Save your money, because "Emperor" is not that movie. Jones indeed plays MacArthur, as the posters promise, but he's strolling through a secondary role that adds up to perhaps 15 minutes of footage. The star of "Emperor" is actually Matthew Fox, of ABC's "Lost." As bait-and-switches go, this one feels almost legally actionable.
There's something unjust about the screenplay, too, but more on that later. Fox plays Bonner Fellers, a real-life Army general who assisted MacArthur during America's occupation of postwar Japan. His job: Figure out what to do with Emperor Hirohito, considered by the Japanese to be a living god. America wants Hirohito for a scapegoat, but Fellers worries that a trial might cause an open revolt.
This potentially interesting dilemma becomes thoroughly dull in the hands of director Peter Webber ("Hannibal Rising"), who stages endless conversations about political fine points without giving us much to look at. Our star, Fox, seems to be acting internally (to put it kindly), but the blame also goes to mind-numbing lines like this: "We need to focus on the steppingstone meetings that led to war!" No actor alive could make that sing.

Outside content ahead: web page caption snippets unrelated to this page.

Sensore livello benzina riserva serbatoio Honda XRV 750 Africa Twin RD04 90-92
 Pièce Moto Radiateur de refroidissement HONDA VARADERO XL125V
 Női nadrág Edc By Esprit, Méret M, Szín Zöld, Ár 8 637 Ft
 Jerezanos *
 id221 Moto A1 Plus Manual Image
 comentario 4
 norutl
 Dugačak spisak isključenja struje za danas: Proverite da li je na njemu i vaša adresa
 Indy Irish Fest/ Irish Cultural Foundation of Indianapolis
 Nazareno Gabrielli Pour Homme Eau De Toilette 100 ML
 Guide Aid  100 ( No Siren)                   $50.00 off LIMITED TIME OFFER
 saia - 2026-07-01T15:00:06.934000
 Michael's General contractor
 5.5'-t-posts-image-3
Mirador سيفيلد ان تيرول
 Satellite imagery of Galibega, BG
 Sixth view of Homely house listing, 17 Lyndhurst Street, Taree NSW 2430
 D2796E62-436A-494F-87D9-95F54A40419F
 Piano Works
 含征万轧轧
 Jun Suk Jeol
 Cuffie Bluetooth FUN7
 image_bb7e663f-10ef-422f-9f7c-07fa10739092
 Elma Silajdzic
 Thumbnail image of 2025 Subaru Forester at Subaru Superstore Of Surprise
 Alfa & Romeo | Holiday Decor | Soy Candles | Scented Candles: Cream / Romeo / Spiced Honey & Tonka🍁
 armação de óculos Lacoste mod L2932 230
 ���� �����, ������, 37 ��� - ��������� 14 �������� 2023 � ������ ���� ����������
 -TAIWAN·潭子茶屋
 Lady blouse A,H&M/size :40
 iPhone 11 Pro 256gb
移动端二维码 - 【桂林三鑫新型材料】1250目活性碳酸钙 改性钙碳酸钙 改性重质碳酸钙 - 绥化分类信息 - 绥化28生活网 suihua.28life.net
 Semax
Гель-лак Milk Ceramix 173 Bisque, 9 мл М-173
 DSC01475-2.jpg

Screenwriters David Klass and Vera Blasi try to juice things up by inventing a 1930s romance between Fellers and a Japanese woman, Aya (an enchanting Eriko Hatsune). This might have surprised Dorothy Fellers, the man's wife since 1925, were she alive, as might the closing-credits implication that the "affair" led to the general's demotion. A combination of boring facts and dumb fictions, "Emperor" is one history lesson you don't need.
PLOT An American general holds the fate of postwar Japan in his hands.
RATING PG-13 (adult themes)
BOTTOM LINE All talk, no action, not enough Jones and way too much Fox make for one dull history lesson.